His first goal was sensational and came from a corner that he took himself, having ghosted back into the playing area before unleashing the most glorious strike.
His second, a move created by Philippe Coutinho, was an entirely different finish and quite deft in comparison.
With Sadio Mane, Roberto Firmino, Coutinho and Salah playing like this, and all at the same time, Liverpool have the attacking qualities capable of scaring the living daylights out of any team. What a pity they do not have a defence to match. Can someone explain that to me?
Forward - Eden Hazard (Chelsea)
Eden Hazard was electric throughout this encounter.
I never saw Hazard as a second striker but that is the way he is playing at the moment. I do not think he has ever looked so dangerous.
He is certainly looking extremely effective alongside Alvaro Morata. I saw the beginnings of this partnership against Manchester United at Stamford Bridge recently but did not make too much of it as I thought it just happened by stealth.
However, having seen it again against West Brom, I am beginning to take the view that both players are looking for each other quite openly.
I have already remarked this season about the impact on Chelsea losing a player like Diego Costa.
However, manager Antonio Conte may have been forced to find a new system to accommodate Morata and found two strikers at the expense of one. It looks like it is working.
Forward - Callum Wilson (Bournemouth)
It simply would not be right if you scored a Premier League hat-trick and not be selected for my team of the week.
I am delighted for any player who scores three goals in any league but more so when that player has spent months out through injury.
Only those who have been through the difficulty and the relentless torture of rehabilitation know how lonely and difficult it is when a player acquires a long-term injury. Only the euphoria on your return can replace that agony.

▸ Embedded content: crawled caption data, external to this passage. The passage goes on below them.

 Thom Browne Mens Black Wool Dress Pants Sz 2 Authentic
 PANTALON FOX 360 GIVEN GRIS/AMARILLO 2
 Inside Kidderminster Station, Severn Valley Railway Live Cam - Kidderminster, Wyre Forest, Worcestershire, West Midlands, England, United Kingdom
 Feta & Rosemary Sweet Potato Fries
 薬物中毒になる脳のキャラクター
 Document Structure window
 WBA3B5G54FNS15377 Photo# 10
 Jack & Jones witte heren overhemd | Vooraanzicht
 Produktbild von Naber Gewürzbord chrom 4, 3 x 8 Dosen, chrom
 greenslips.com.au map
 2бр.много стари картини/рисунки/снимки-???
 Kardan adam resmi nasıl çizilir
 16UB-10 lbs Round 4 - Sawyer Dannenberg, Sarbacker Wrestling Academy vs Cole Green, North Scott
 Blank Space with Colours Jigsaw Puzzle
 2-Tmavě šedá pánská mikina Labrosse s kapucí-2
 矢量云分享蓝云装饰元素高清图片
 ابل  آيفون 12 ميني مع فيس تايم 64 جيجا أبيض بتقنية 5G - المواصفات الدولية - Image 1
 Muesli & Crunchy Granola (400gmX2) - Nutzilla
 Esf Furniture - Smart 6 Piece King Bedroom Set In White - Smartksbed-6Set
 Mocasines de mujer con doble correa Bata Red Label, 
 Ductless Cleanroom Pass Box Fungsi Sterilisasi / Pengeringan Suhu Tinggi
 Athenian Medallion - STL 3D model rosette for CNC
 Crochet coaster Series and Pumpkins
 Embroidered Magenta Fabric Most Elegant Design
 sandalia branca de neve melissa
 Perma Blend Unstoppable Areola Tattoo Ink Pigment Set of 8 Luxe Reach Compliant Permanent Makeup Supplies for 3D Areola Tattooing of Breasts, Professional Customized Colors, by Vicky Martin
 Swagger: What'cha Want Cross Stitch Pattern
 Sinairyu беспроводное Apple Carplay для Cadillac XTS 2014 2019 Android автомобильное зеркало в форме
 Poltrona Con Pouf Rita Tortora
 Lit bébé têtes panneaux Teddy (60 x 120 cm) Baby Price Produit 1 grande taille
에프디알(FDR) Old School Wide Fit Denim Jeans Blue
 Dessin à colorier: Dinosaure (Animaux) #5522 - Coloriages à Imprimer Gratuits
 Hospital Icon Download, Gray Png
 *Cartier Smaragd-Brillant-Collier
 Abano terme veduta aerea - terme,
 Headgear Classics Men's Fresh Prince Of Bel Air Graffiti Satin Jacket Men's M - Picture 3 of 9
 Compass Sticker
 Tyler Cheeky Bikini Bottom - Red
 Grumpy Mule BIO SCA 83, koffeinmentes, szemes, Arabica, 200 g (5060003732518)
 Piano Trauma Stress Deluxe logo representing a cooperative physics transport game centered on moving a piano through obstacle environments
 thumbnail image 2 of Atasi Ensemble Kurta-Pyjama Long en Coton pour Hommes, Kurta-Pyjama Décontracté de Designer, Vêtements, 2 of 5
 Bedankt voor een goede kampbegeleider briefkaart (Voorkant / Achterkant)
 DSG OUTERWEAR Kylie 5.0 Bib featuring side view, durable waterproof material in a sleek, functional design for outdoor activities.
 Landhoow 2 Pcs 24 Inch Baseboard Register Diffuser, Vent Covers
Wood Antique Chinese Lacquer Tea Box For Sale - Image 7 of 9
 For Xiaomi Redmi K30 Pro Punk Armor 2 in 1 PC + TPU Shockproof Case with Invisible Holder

Huddersfield should have been two goals up before Bournemouth had time to cough, but failed to convert two glorious chances.
The Cherries, on the other hand, could have had two men sent off but only captain Simon Francis actually walked.
The home side desperately needed these three points after a very uncertain start to the season, and that puts manager Eddie Howe in a much more comfortable position than when he was in the relegation zone only a few weeks ago.
Forward - Alexis Sanchez (Arsenal)
I have seen Arsenal in this mood before - Alexis Sanchez fighting for every ball, Mesut Ozil playing with desire and purpose and Shkodran Mustafi marking Harry Kane so tightly the striker could barely breath.
What I did not understand was why Spurs took so long to recognise that this was an Arsenal side intent on humiliating their north London rivals, especially after the overstated self-aggrandisement of their Real Madrid victory.
So why did Spurs start this match as though they were playing MK Dons on a Tuesday night in Milton Keynes? And why did Mauricio Pochettino let them?
Tottenham started the game as though their very presence was enough to earn them a point, while Arsenal played as though their lives depended on it.
The charge was led by Sanchez, of course. Who else in the Arsenal team was capable of tormenting Jan Vertonghen, Davinson Sanchez and Eric Dier all at the same time?
The Chile forward was once again outstanding, led from the front and showed the sort of leadership qualities only world-class players possess in games that mean far more than just points.